TASK BRIEF: Lines before the one containing "2013 Ford Explorer" in the records below are to be left out; that line and all after it, through the end, are to be retyped exactly.

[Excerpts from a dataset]
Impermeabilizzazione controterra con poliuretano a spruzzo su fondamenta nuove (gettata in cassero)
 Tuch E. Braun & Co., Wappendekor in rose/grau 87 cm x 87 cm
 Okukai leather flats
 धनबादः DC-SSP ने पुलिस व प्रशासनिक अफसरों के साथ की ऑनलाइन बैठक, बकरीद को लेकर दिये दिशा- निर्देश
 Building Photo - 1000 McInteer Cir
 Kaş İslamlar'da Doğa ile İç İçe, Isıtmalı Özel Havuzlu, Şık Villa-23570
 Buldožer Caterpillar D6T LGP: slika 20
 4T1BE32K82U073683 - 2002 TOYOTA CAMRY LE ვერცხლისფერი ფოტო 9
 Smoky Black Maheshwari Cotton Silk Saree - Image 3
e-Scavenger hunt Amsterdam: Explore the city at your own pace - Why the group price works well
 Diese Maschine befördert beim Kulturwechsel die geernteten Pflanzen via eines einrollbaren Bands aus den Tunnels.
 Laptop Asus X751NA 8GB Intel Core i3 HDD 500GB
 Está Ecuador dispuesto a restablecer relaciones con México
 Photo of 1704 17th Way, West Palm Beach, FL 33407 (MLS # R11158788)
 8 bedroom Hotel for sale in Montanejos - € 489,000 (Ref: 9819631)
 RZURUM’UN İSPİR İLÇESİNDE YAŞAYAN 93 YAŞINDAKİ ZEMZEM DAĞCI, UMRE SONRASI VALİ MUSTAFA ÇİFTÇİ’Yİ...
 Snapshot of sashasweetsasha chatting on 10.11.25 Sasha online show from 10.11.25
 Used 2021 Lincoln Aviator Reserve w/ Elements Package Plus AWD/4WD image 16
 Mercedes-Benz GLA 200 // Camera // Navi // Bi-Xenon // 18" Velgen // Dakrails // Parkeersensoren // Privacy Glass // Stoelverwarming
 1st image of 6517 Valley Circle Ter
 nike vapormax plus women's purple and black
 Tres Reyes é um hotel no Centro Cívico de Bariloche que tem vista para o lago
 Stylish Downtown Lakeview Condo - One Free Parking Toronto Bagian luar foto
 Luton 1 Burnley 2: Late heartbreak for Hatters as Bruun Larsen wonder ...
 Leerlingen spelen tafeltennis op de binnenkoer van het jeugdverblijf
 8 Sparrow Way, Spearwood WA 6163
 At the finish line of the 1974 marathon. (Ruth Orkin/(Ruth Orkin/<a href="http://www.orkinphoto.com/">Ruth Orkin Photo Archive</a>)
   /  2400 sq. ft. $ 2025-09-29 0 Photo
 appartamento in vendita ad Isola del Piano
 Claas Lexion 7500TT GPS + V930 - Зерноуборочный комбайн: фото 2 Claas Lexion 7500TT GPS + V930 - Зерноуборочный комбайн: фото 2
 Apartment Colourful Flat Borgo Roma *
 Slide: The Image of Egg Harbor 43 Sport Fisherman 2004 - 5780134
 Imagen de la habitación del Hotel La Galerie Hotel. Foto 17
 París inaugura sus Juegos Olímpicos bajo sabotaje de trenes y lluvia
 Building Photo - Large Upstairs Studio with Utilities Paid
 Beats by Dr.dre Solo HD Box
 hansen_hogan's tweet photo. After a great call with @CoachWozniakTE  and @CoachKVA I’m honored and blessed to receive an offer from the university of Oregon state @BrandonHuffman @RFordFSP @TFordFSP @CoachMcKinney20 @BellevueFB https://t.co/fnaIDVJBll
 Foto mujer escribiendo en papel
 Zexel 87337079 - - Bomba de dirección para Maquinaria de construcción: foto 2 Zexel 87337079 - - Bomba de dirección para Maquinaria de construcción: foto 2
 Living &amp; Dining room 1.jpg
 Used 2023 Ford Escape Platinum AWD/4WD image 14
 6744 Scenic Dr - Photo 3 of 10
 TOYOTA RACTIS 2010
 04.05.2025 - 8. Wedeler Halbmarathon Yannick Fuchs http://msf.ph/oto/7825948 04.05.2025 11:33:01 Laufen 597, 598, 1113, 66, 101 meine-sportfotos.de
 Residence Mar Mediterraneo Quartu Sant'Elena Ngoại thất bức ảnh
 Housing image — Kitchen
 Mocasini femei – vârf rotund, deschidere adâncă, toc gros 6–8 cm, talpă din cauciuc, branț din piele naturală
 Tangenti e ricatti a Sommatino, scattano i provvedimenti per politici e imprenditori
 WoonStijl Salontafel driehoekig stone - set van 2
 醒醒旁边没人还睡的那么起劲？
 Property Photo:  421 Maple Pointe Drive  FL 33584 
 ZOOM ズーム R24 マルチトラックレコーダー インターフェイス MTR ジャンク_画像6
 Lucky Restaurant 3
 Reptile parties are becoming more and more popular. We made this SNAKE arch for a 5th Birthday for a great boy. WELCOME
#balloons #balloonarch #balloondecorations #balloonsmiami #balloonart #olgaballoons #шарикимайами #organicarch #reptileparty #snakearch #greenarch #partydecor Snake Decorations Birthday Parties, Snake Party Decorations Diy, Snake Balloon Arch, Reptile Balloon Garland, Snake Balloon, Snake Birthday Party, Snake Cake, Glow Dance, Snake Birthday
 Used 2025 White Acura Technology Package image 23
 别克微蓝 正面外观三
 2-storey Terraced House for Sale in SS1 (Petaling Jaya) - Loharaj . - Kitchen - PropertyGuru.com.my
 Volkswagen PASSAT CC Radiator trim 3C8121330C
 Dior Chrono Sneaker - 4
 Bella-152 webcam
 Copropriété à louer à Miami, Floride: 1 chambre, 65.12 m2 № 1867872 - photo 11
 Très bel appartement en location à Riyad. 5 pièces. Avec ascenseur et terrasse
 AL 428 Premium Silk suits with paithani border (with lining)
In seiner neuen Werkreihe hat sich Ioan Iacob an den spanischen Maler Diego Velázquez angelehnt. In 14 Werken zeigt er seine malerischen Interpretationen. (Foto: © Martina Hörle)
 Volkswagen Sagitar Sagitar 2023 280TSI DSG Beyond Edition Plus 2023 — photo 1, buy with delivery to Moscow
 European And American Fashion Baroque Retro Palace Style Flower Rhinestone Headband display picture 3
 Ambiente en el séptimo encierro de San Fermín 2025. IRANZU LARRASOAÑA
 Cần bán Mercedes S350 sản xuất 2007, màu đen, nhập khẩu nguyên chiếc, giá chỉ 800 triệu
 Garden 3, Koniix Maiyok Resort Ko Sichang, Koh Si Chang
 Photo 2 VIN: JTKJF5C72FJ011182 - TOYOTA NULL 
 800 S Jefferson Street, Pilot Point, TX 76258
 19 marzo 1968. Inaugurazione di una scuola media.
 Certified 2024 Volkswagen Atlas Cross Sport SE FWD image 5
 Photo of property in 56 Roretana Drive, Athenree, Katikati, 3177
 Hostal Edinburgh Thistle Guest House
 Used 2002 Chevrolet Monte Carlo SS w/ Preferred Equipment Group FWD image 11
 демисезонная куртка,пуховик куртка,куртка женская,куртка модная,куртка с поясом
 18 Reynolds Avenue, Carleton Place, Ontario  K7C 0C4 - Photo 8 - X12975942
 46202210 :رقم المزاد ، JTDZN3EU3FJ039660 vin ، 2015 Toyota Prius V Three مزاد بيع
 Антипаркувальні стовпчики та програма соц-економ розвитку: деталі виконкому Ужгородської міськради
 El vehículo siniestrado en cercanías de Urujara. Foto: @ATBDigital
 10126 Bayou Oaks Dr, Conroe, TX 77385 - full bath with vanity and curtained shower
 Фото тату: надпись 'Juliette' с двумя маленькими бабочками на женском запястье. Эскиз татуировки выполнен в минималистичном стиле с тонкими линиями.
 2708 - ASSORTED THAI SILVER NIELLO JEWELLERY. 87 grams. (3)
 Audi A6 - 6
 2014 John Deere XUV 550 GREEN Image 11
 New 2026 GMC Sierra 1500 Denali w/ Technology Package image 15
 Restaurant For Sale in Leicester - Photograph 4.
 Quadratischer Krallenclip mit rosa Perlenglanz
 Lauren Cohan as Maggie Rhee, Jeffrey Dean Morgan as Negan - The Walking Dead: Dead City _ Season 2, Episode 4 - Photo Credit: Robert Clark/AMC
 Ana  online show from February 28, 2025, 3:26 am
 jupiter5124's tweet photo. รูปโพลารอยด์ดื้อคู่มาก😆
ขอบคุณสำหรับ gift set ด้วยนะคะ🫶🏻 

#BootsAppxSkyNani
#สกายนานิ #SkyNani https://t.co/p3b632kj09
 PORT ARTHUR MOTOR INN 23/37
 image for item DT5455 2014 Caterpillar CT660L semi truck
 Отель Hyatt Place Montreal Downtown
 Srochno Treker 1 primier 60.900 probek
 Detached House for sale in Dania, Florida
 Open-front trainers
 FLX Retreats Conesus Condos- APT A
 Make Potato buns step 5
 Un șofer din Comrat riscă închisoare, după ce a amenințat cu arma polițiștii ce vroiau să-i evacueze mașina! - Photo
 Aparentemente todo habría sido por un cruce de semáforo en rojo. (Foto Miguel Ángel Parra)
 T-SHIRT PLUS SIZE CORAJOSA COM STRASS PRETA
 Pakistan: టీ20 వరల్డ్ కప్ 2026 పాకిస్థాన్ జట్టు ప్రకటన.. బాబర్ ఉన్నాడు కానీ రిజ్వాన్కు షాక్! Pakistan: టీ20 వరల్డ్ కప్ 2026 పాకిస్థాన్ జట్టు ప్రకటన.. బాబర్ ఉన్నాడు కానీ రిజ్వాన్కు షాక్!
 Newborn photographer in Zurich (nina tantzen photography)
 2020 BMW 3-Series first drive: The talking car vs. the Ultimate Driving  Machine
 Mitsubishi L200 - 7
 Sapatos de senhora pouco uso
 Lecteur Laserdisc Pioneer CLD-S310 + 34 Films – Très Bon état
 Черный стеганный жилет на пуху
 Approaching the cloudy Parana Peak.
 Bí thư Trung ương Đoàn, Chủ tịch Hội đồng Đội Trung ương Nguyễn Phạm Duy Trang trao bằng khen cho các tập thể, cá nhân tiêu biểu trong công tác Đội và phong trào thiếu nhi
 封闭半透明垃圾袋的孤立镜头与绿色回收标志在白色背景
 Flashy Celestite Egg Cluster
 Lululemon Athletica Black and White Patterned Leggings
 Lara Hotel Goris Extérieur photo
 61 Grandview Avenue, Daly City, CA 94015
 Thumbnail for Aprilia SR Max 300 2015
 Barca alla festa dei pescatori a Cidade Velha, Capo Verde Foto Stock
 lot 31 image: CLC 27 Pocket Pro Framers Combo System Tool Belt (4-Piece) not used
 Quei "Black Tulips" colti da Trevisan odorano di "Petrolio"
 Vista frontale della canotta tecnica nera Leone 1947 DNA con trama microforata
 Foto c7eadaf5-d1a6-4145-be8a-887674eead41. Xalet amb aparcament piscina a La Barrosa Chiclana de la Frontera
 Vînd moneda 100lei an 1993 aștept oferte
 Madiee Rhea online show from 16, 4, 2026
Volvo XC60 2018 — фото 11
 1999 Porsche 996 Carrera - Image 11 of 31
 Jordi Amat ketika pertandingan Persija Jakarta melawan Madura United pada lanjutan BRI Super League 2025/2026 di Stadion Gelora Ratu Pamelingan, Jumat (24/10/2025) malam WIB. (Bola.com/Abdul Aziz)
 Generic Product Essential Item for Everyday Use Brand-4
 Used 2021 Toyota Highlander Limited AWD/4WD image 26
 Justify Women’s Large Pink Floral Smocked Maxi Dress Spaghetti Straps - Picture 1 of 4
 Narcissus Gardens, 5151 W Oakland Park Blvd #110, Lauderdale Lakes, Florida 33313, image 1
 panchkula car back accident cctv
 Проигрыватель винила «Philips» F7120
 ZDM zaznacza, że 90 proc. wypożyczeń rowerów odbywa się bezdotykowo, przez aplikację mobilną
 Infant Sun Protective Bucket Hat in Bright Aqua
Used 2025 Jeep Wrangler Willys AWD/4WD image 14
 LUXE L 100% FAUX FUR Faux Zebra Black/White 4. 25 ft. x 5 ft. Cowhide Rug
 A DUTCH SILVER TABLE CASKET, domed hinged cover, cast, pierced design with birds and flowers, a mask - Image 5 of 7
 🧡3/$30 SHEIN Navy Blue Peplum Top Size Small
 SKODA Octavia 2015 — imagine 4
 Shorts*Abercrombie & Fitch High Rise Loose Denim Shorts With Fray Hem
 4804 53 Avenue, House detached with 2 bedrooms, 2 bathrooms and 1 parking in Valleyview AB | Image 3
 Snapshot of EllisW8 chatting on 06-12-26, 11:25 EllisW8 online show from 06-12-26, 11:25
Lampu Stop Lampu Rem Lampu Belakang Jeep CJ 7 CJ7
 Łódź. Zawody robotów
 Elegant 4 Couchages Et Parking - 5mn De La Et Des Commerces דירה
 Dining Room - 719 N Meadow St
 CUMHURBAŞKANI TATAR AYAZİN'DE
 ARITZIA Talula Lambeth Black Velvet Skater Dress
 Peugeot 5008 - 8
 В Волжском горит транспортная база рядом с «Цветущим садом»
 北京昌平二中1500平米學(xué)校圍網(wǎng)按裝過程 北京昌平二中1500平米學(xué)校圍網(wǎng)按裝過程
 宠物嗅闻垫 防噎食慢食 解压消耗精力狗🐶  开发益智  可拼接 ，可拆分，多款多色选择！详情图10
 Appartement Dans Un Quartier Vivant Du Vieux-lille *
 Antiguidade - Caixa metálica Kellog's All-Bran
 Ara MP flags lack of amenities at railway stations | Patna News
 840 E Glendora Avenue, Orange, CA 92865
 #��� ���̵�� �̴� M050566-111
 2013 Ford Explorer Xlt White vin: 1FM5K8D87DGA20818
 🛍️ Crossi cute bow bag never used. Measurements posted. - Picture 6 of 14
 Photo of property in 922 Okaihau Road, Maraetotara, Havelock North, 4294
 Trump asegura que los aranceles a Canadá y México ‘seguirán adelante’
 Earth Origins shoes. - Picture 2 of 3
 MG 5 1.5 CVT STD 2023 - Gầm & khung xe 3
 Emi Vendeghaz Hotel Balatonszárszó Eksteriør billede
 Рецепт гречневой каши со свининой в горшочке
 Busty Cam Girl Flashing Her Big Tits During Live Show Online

RESULT OF THE EXERCISE:
 2013 Ford Explorer Xlt White vin: 1FM5K8D87DGA20818
 🛍️ Crossi cute bow bag never used. Measurements posted. - Picture 6 of 14
 Photo of property in 922 Okaihau Road, Maraetotara, Havelock North, 4294
 Trump asegura que los aranceles a Canadá y México ‘seguirán adelante’
 Earth Origins shoes. - Picture 2 of 3
 MG 5 1.5 CVT STD 2023 - Gầm & khung xe 3
 Emi Vendeghaz Hotel Balatonszárszó Eksteriør billede
 Рецепт гречневой каши со свининой в горшочке
 Busty Cam Girl Flashing Her Big Tits During Live Show Online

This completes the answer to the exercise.